• _WORK TO COMPLETE_: From the line with "Monsieur, Madame, and Bebe - Volume 03 1" to the final line of the records, reproduce every line exactly and only those lines.

■ ■ ■ ■

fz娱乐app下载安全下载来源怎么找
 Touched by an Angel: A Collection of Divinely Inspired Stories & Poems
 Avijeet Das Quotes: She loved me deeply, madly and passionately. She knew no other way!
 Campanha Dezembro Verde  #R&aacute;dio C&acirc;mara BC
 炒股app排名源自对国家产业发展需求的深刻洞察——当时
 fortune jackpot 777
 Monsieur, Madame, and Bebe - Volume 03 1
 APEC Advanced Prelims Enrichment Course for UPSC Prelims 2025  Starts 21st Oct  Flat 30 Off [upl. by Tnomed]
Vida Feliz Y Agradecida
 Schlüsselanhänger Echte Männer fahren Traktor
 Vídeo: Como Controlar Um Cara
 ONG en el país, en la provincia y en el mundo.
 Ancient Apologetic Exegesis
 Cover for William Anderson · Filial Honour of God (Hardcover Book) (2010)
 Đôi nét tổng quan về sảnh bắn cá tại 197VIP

■ ■ ■ ■

• _REPLY_:
 Monsieur, Madame, and Bebe - Volume 03 1
 APEC Advanced Prelims Enrichment Course for UPSC Prelims 2025  Starts 21st Oct  Flat 30 Off [upl. by Tnomed]
Vida Feliz Y Agradecida
 Schlüsselanhänger Echte Männer fahren Traktor
 Vídeo: Como Controlar Um Cara
 ONG en el país, en la provincia y en el mundo.
 Ancient Apologetic Exegesis
 Cover for William Anderson · Filial Honour of God (Hardcover Book) (2010)
 Đôi nét tổng quan về sảnh bắn cá tại 197VIP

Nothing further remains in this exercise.